Editorial: Silence is not the answer on campuses


Silence is not always golden.

When it is forced on a person or a group, it is anything but.

That’s what is happening with greater frequency and more intensity on some college campuses these days.

Students who refuse to listen to or consider viewpoints that differ from their own are stealing one of the fundamental rights — that of freedom of speech — and too many administrators are acquiescing to those demands.

College should be a time when people are exposed to a world of ideas. Some of those ideas run counter to their own thinking and some are downright repugnant.

Only through the free exchange of ideas and opinions can society truly function, however.

If opposing ideology is rejected, shouted down or pushed aside to some postage stamp-sized parcel of grass, a free society is not being served.

There has been an amazing transformation on college campuses these days that has turned some into overly protective bubbles.

There are “content warnings” required before professors can teach about topics that might offend someone. One school went so far as to allow archaeology students to walk out of class if they were disturbed by having to examine real human bones. By the way, “content warning” is the new name given to what once was called “trigger warning” because the word “trigger” was considered too violent a term.

The protests, petitions and screaming have reached a fevered pitch.
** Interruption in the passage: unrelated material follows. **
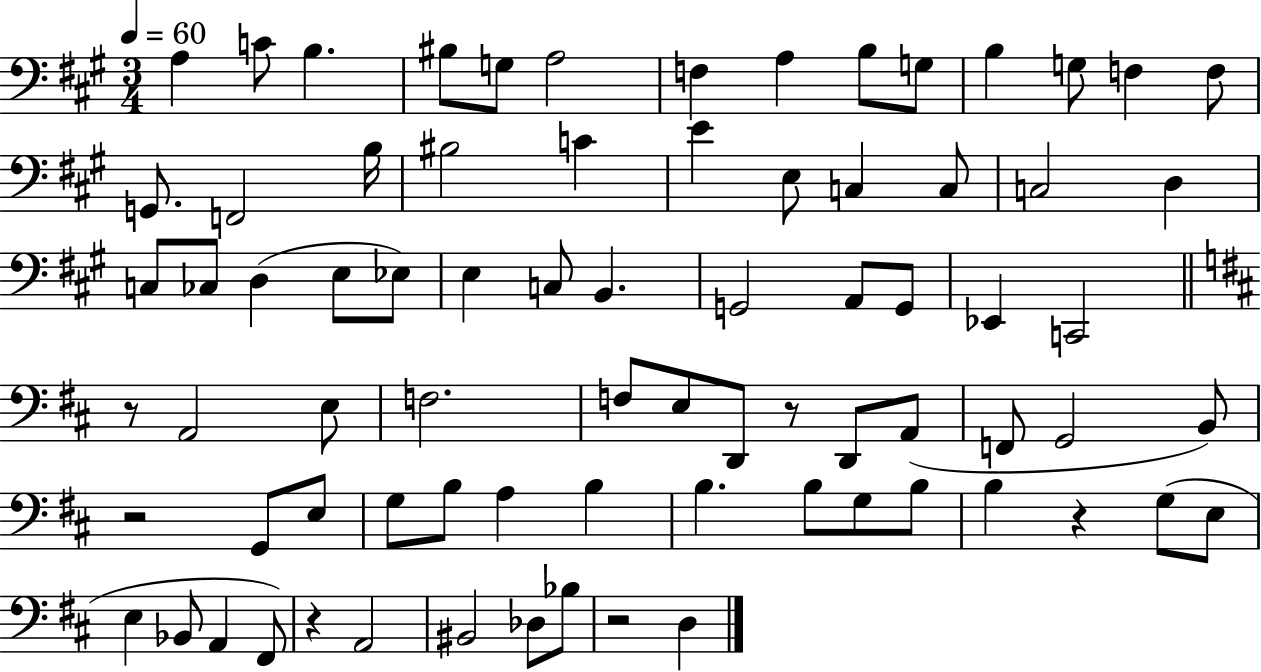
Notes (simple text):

A3/q C4/e B3/q. BIS3/e G3/e A3/h F3/q A3/q B3/e G3/e B3/q G3/e F3/q F3/e G2/e. F2/h B3/s BIS3/h C4/q E4/q E3/e C3/q C3/e C3/h D3/q C3/e CES3/e D3/q E3/e Eb3/e E3/q C3/e B2/q. G2/h A2/e G2/e Eb2/q C2/h R/e A2/h E3/e F3/h. F3/e E3/e D2/e R/e D2/e A2/e F2/e G2/h B2/e R/h G2/e E3/e G3/e B3/e A3/q B3/q B3/q. B3/e G3/e B3/e B3/q R/q G3/e E3/e E3/q Bb2/e A2/q F#2/e R/q A2/h BIS2/h Db3/e Bb3/e R/h D3/q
At the University of California Berkeley — where the free speech movement was largely launched in the 1960s and 1970s — harassment and threats of violence forced the university to cancel an appearance by former Brietbart News editor Milo Yiannopoulos.

DePaul University officials canceled and even threatened to arrest speaker Ben Shapiro over what they called inflammatory speech. Three students passing out copies of the Constitution for the group Young Americans for Liberty were arrested at Kellogg Community College in Michigan. One university has told students they cannot use words such as “crazy” or “ugly” on campus because they are offensive.

Instead of discussion and debate, students are becoming so sensitized that they cannot deal with the outside world once leaving the ivory towers. It is no longer acceptable for them to simply walk away and tune out messages with which they disagree.

True acceptance of the rights of others comes from being able to acknowledge there are others who don’t share the same views and visions. True knowledge comes from the willingness to hear those views and visions — including those that might be most vile to personal beliefs — and even discuss and challenge them.